He et al. [19] proposed a Privacy-Preserving Certificate Less Provable Data Possession (PP-CLPDP) scheme for certificate management and to ensure privacy protection. The PP-CLPDP scheme uses the public cloud, providing data integrity for big data. Certificate Management and key escrow problem has been solved in this method. The data integrity of the big data has been preserved in this method. The RSA method has been used to secure the data in the cloud storage and proof challenge is verified. The proposed PP-CLPDP scheme’s computational cost was similar to the existing CLPDP model, so little bit improvement is required.

Song et al. [20] presented the retrieval of full text in the cloud storage system with high privacy. The proposed method used bloom filter, to scatter the storage issues in tree index format. The bloom filter based tree index system shows the similarity among the encrypted documents and query document through membership entropies of index words. The ranking algorithm was used to find the most queries related words in membership index. Also, maximizing the storage space for new document increases storage cost and it is relatively high.

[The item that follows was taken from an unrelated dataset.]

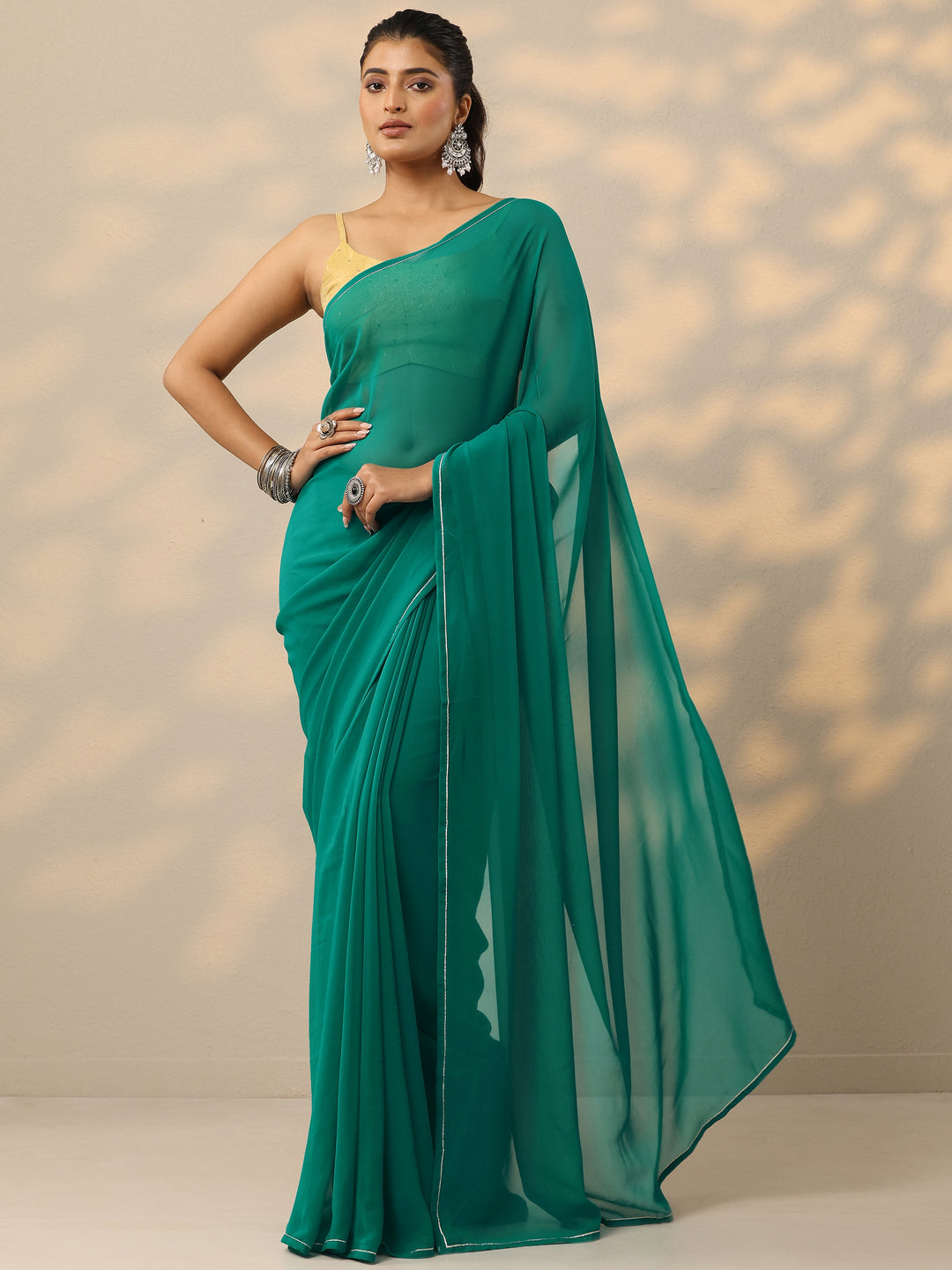 Green Solid Georgette Saree With Unstitched Blouse Piece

Gnanaprakasam and Rajivkannan [21] proposed the double encryption technique of RSA and Optimal Elliptic Curve Cryptography (OECC) algorithm to encrypt the user document. The optimal key is selected for ECC based on the cuckoo search algorithm. Once the document is encrypted in the cloud and this is stored with the access structure that shows which types of user are allowed to access the document. The information is split and stored in the two separate servers to reduce the computation complexity. The greedy selection is applied to select an optimal key from the two servers. The cuckoo search method has not escaped from the local optimum solution and slow rate of convergence; this affects the computation time of the developed method. The proposed ECDH method involves in the combination of Elliptic Curve and Diffie–Hellman to reduce the computation complexity. Since the tags has been created in secure retrieval index table generation, the challenge time is reduced.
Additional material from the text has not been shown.